Time for another Try the World unboxing! This time we’re heading to Portugal to sample some of their traditional jams, snacks, and more.
If you haven’t heard, Try the World is a subscription box that invites your taste buds to explore a new city every sixty days. Each box will include 7-10 locally made/grown gourmet goodies as well as cultural finds — such as music playlists and movie recommendations — produced in the city being featured. Subscriptions are $39 every 2 months, or less with multi-month commitments. New customers can save 15% off your first box with coupon code “littlerosebuds15“! Or you can try a FREE trial box (just pay $5 shipping) when you click here.
Let’s see what’s in March’s “Portugal” Try the World box!
A peek inside! As always, the box was presented beautifully and jam-packed with gourmet goods.
Inside the fold-out Culture Guide were recipes, a playlist, and photos/descriptions of each item in the box.
RARE by Quinta de Jugais Pumpkin and Hazelnut Jam – Pumpkin is one of the most popular types of preserves in Portugal. This jam is made with both pumpkin and hazelnuts for a unique flavor experience. The info card recommends enjoying it on toast or alongside a selection of cheeses.
Frutaformas Crunchy Apple Rings – Crunchy, 100% natural dried apple rings. I was happy to see these in the box, since I knew they’d be vegan-friendly. 😉
Briosa Gourmet Codfish in Olive Oil – Okay, this is definitely a mother-in-law item. (She gets all of the “odd” foods I receive in subscription boxes. 😉 ) According to the info card, codfish is one of Portugal’s most iconic foods. It works well cooked into fried rice or blended into pesto.
Paladin Sacana Piri Piri Hot Sauce – A Portugese hot sauce made with piri piri peppers. I’ve been all about hot sauce lately, so I’m looking forward to trying this with some veggie chicken tenders.
Hands on Earth Sea Salt and Lemon – Hands on Earth is a company dedicated to sustainability and healthy living. This zesty lemon finishing salt is made without pesticides or chemicals of any kind. It’s ideal for using as a garnish or mixing into butter for a uniquely flavored spread.
Casa Lucena Lemon Cookies – Classic Portuguese cookies/biscuits made using a traditional recipe that’s been passed down for many years. They’re crunchy, buttery, and have a hint of lemon flavor. Great for dunking in coffee (or milk!).
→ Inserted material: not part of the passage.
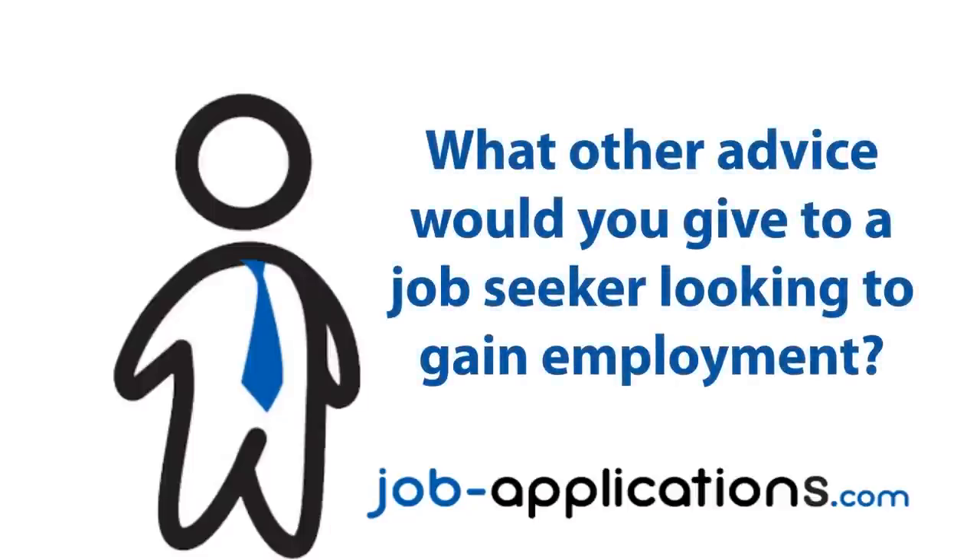What other advice would you give to a job seeker looking to get employment? With Abercrombie & Fitch, you want to go in enthusiastic with a smile on your face. When you go in, pay attention to your outfit — Abercrombie is more of an adult store and they do expect you to wear their clothes. So if you don't have an actual Abercrombie outfit, you might want to look into buying a t-shirt that says Abercrombie or some plain dark jeans. Don't wear anything with any other logo or brand on it. They want to make sure that you wear their brand before you work for them.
Olivais do Sul Extra-Virgin Olive Oil – The olives used for this oil are grown in central Portugal and are cold-pressed to keep their complex flavor in tact. We use olive oil fairly often in our house, so I’m always happy to get more.
Casa da Prisca Caramelized Onions with Balsamic Reduction and Port Wine – Port is one of Portugal’s most iconic spirits, which is why it’s infused into this jar of caramelized onions. No amount of alcohol can get me to enjoy even the tiniest slice of onion, so this is most definitely another mother-in-law item. 😉
Try the World continues to impress with their expertly curated boxes of culinary treats. My favorite items from this Portugal-themed box were the olive oil, piri piri sauce, apple slices, and lemon salt. The pumpkin hazelnut jam sounds interesting, so I might give that a try when I’m feeling brave. Overall, another great box!
Don’t forget — If you’d like to sign up for Try the World, you can save 15% off your first box with coupon code “littlerosebuds15“! Or you can try a FREE trial box (just pay $5 shipping) when you click here.
Disclosure: I received this box for review purposes. I was not compensated in any way. All opinions are my own. Post may contain affiliate and/or referral links.
I’m glad I cancelled before this month – I would hardly use any of this!
I got some different items in my Portugal box. We ended up with with stuff we don’t eat and I don’t drink black tea.. . I am a little disappointed but will give it all a try since we paid for it.
The Try the World customer service is atrocious – I would not recommend this gift/service just based on that. Their toll free number goes unanswered at all times, no return calls, and email responses are days late, if at all.